When Mutt finally arrived on the Hysteria album he didn’t want to go through that again so we decided to go for processed guitar sounds using something called a Rock Box. Other times we would us a Rockman, made by Tom Scholz. The Rock Box had similar settings to the Rockman: a clean sound and a distorted sound. The difference was you could turn off the chorus and effects on the Rock Box allowing you to use your own effects.
So the plan was we were pretty much going to use either the Rockman, or Rock Box for everything guitar wise. If the sound was not right after we added EQ or some outboard gear then we’d maybe change to a different guitar or add some kind of effects pedal. Sometimes I would blend a Roland studio flanger in to beef some of the power chord sounds. We pretty much would try anything to make it work, but in the end if it wasn’t cutting it Mutt and the band would change the guitar part altogether.
A lot of people couldn’t believe we didn’t use real amps. But this is where Mutt taught the band and me that music production is about the song and arrangement first, then performance, followed lastly by the sound. If the song and the arrangement is great, and the performance is great, then the sound quite often takes care of itself.
We were recording the guitar verse jangle for the song, Hysteria. Sav was playing the part and the problem we were having was the Rock Box clean sound was so compressed you could hear every finger fret movement almost louder than the guitar sound itself. We liked the sound of the jangle but there was no way we could allow this scratching fret noise between chord changes to be part of the recorded sound. So what to do?
“Phil recording in Paris”
We decided to punch in each chord change separately. Sav would be playing the next chord while the first chord was playing back from the multi track and when the time came we’d just punch in the next chord, eliminating the fret noise completely and giving us a clean smooth jangle sound. Recording like this and trying to get the feel right at the same time could literally take days. We had to double track each part plus add embellishments later on in the song. So we came up with the idea of recording all the parts we needed for the song on a single 8 bar section of music, say the verse. Then we’d do another 8 bars for the bridge. And the same for the chorus. We’d record everything we needed… background vocals, the lot. The idea was to create a whole recorded song on the second multi track machine by offsetting and transferring 8 bars at time from the original multi track machine.
It was revolutionary at the time but something you can do in 5 minutes in Pro Tools now. All we had then though was two Studer A800 analog 24 track tape machines synced together by a synchronizer called the Q lock and an AMS digital delay.
I would offset one machine against the other by 8 bars using time code, which was only frame accurate, so I used an AMS delay in the chain so I could break the increments of the time code down to a smaller amount, milliseconds. Then I would punch in the next 8 bars using the Q lock and AMS to move the timing around until it felt natural as if the band had just played it. So it would take maybe up to 20 tries punching in each time to get the timing right against the click track. If I screwed up a punch l’d have to go back and do the part before again.

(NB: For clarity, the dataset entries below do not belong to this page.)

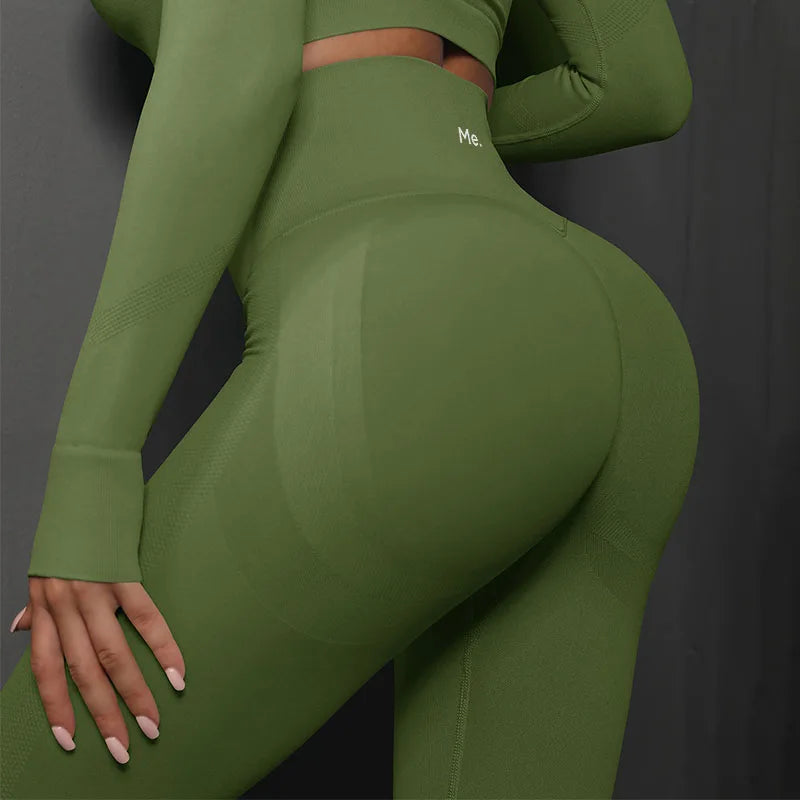 BetterMe Seamless Gym Leggings Yoga Pants Sexy High Waist Booty Lifting Leggings Pants Women Sports Clothing Fitness Wear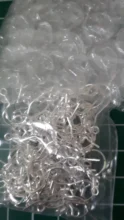 Ganchos para pendientes de plata de ley 100, accesorios para fabricación de joyas, partes al por mayor, Pj004, 925 Uds.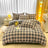 Milk Velvet Plaid Duvet Cover Set - Winter Comfort for Boys & Girls - Julia M LifeStyles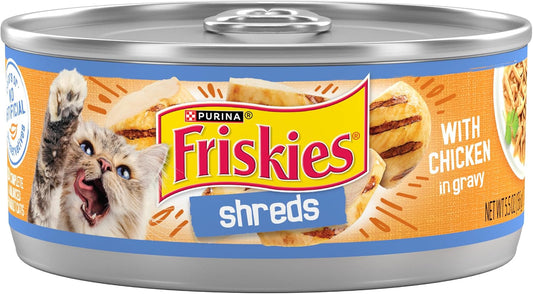Purina Friskies Shreds With Chicken in Wet Cat Food Gravy - (Pack of 24) 5.5 oz. Cans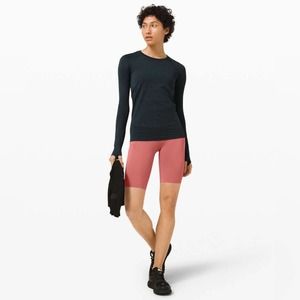 Lululemon Fast and Free Short 10” Biker Short Non-Reflective Cool Cherry Tint.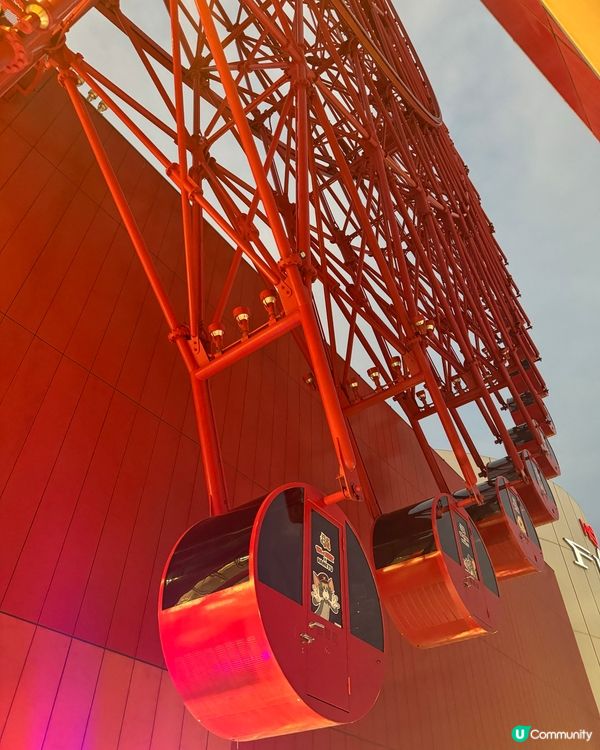 大阪·梅田的地標之一！HEP FIVE摩天輪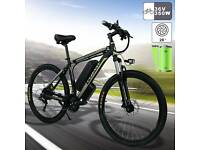 CLIENSY 26"36V21Speed Electric Bike Cycling Mountain City E-Bike Lithium Battery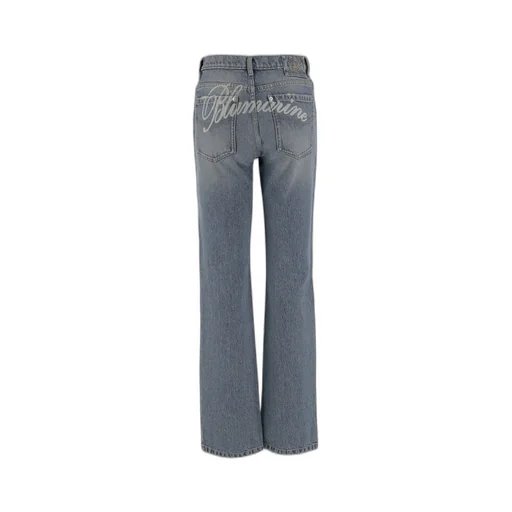 Logo Printed Straight-Leg Jeans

It literally had to be perfect, timing wise, for this whole thing to work. Many times I’d walk out of the room, come back in again, and pretend I was hearing the song for the first time (Ha ha) to see if the 8 bar punch-ins were noticeable or not.

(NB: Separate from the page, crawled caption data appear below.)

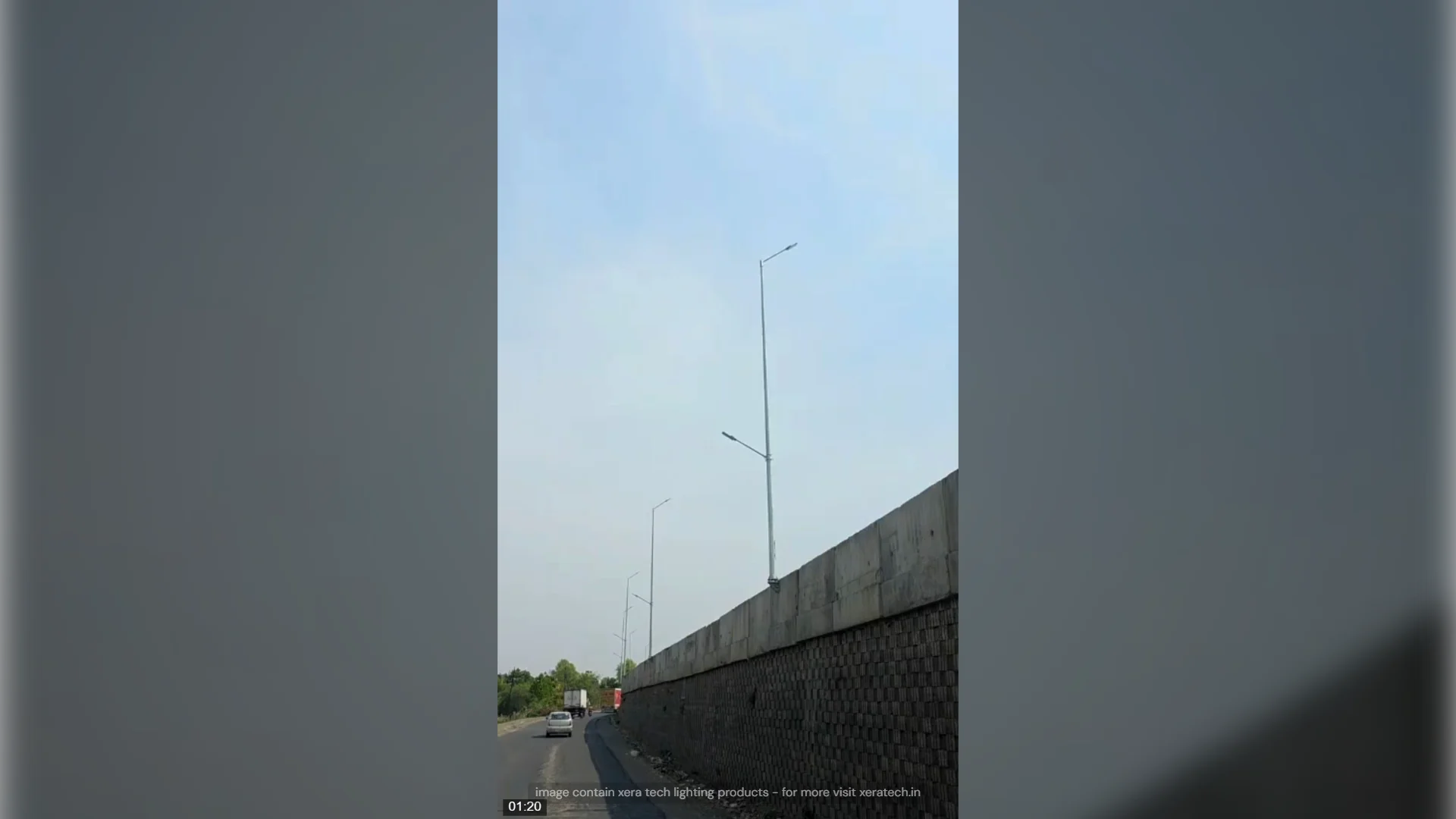 100W LED Street Light Installation Dhule – Road Lighting, LED Lighting in Gondur Airport Road, Deopur, Dhule, Maharashtra, India | Xera Tech
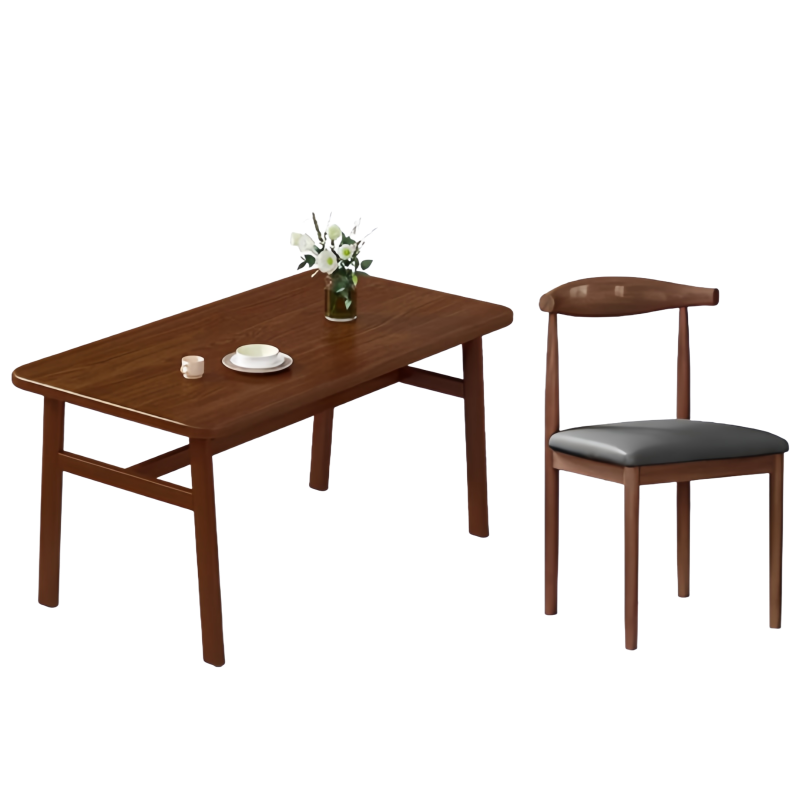 芙首泰餐桌椅木质1000*600*750mm(1桌2椅)套高清大图
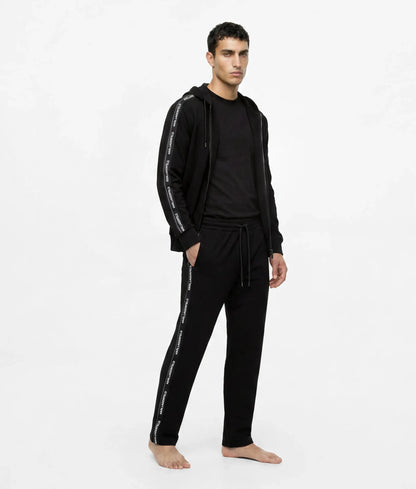 Logo loungewear zip-up hoodie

It took me a week to do 3 songs this way: Hysteria, Rocket, and Armageddon It. Mutt and the band left me on my own to do this while they were in another room writing more songs. I tell you… sometimes I’d run out of that room screaming. Fortunately we only recorded those three songs that way. The rest of the album we recorded a more conventional way, punching in on the multi track.
You can see now why this album was taking so long to record. Remember that by the time we got to the end of the recording we still had to record Rick’s drums on tape. When we finally got to the mixing stage I was burnt out. It was a relief when Mutt got Mike Shipley in to start the mixing. He came in with fresh ears and was able to create, with Mutt, the drum sound in the mix we needed to sow the album together and make it the classic we know today.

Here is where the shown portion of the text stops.